- Work required -
Without the pictures, can you quote each line below exactly?
------
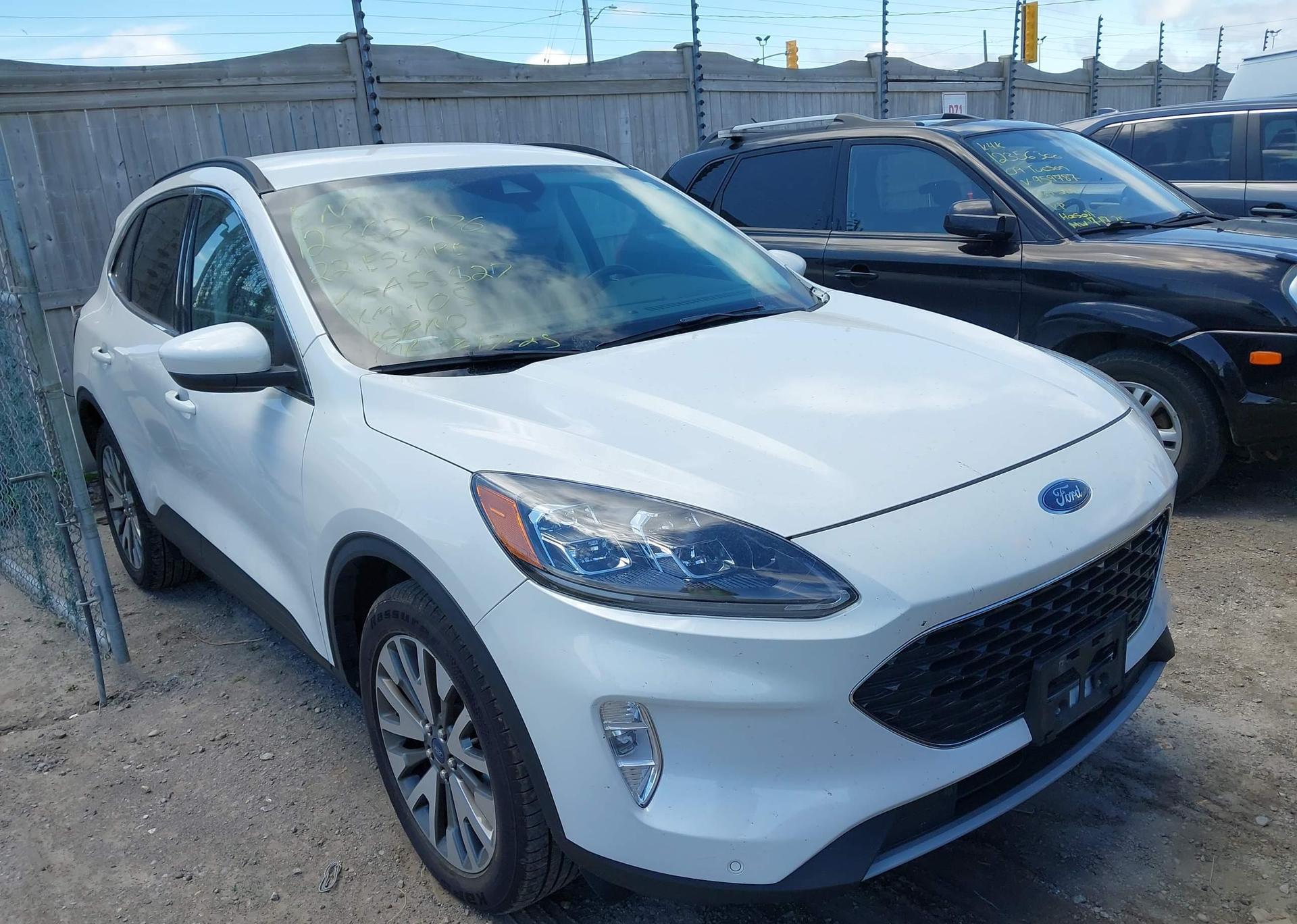 2022 FORD ESCAPE TITANIUM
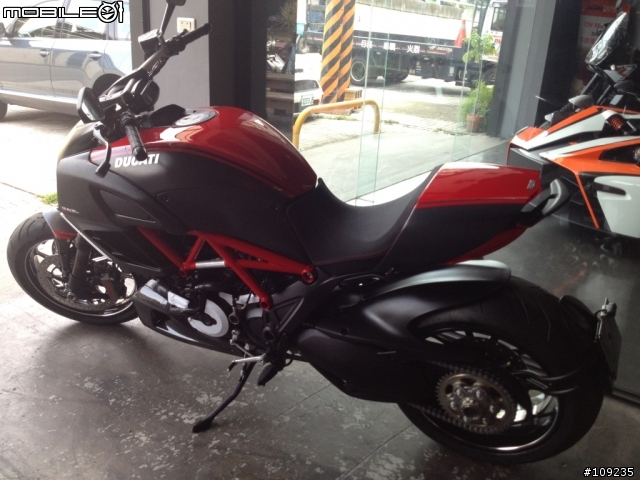 暗黑破壞神--DUCATI DIAVEL Carbon 開箱+ZARD & T-REV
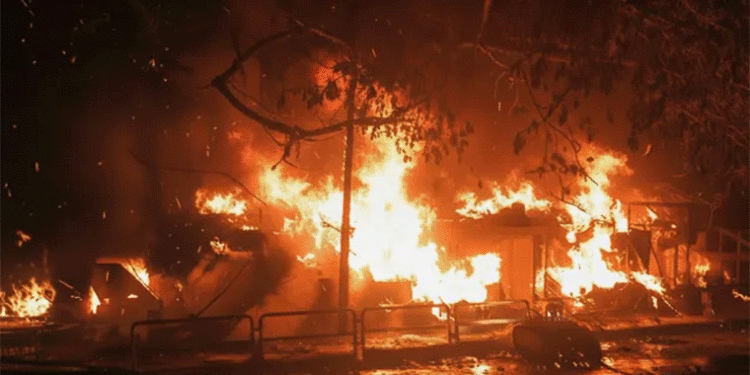 ନିଆଁର ଆଁରେ ଛାରଖାର ଭୁବନେଶ୍ବର ୟୁନିଟ୍ ୱାନ ମାର୍କେଟ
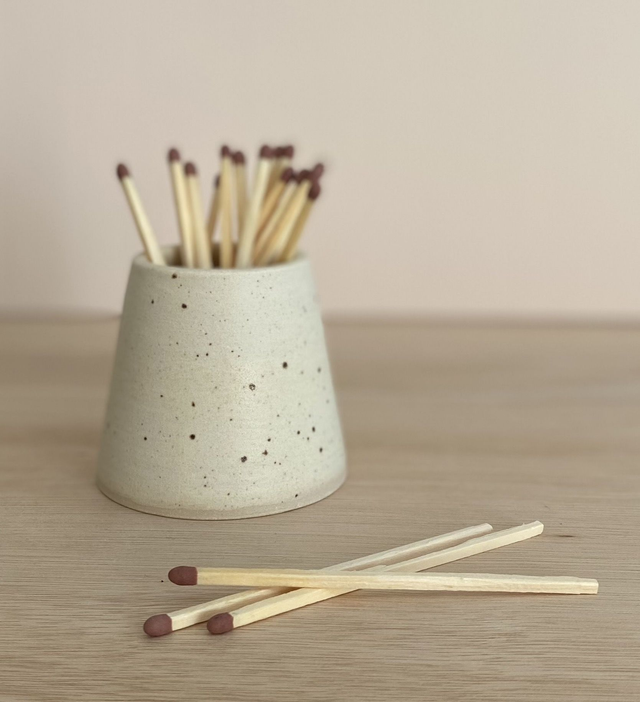 Match Stick Striker Pot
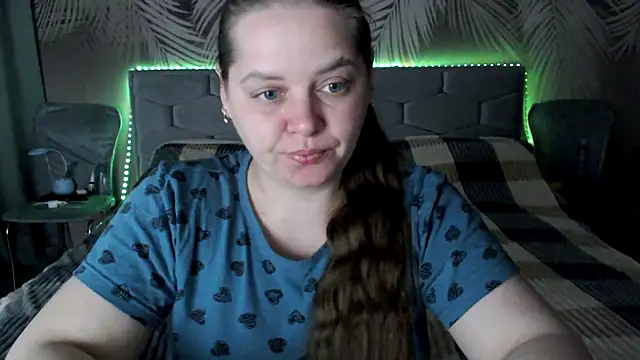 uliastar online show from April 2026 05:25:01 AM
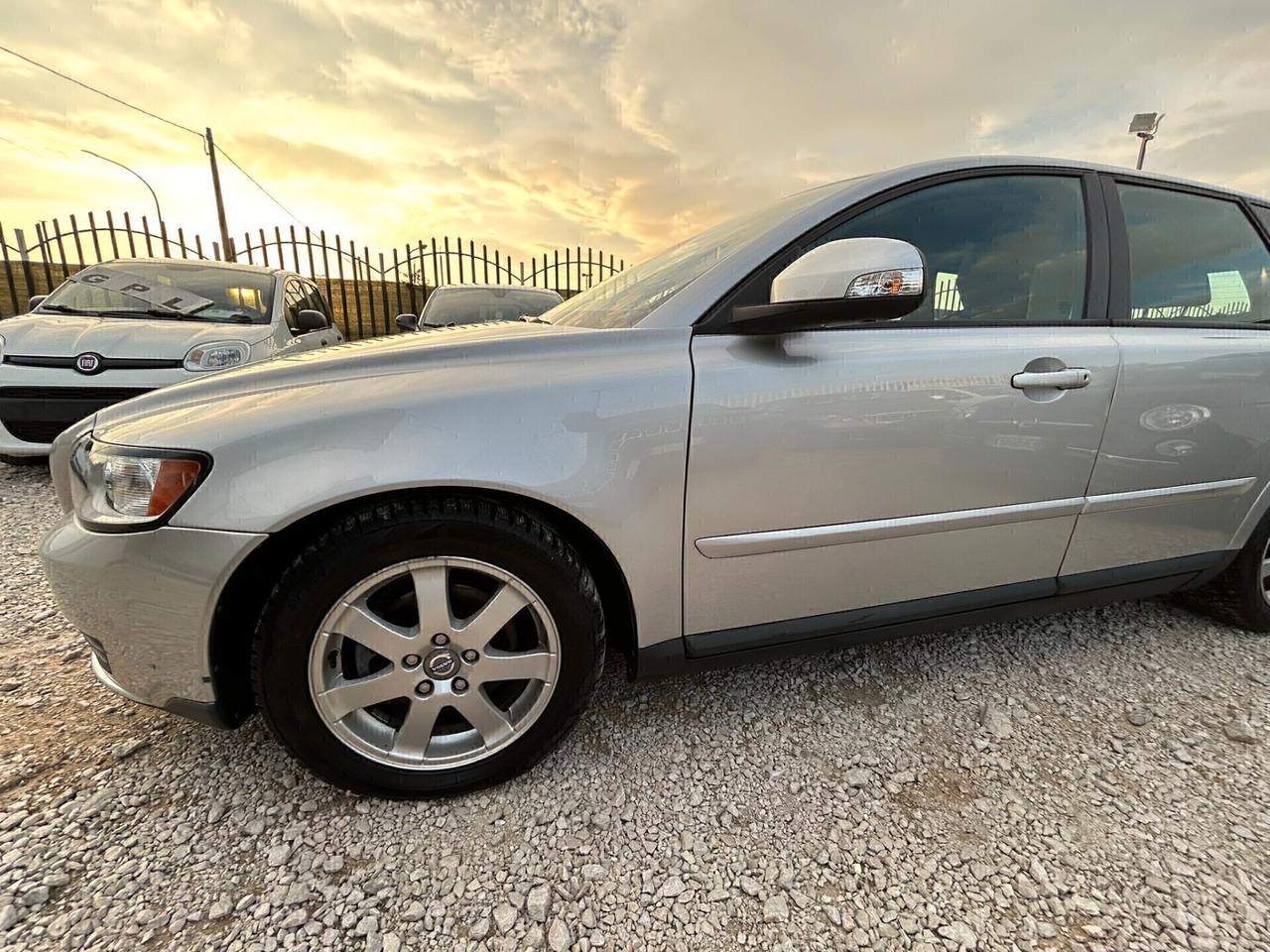Volvo V50 D2 POLAR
------
- Output for this exercise -
 2022 FORD ESCAPE TITANIUM
 暗黑破壞神--DUCATI DIAVEL Carbon 開箱+ZARD & T-REV
 ନିଆଁର ଆଁରେ ଛାରଖାର ଭୁବନେଶ୍ବର ୟୁନିଟ୍ ୱାନ ମାର୍କେଟ
 Match Stick Striker Pot
 uliastar online show from April 2026 05:25:01 AM
Volvo V50 D2 POLAR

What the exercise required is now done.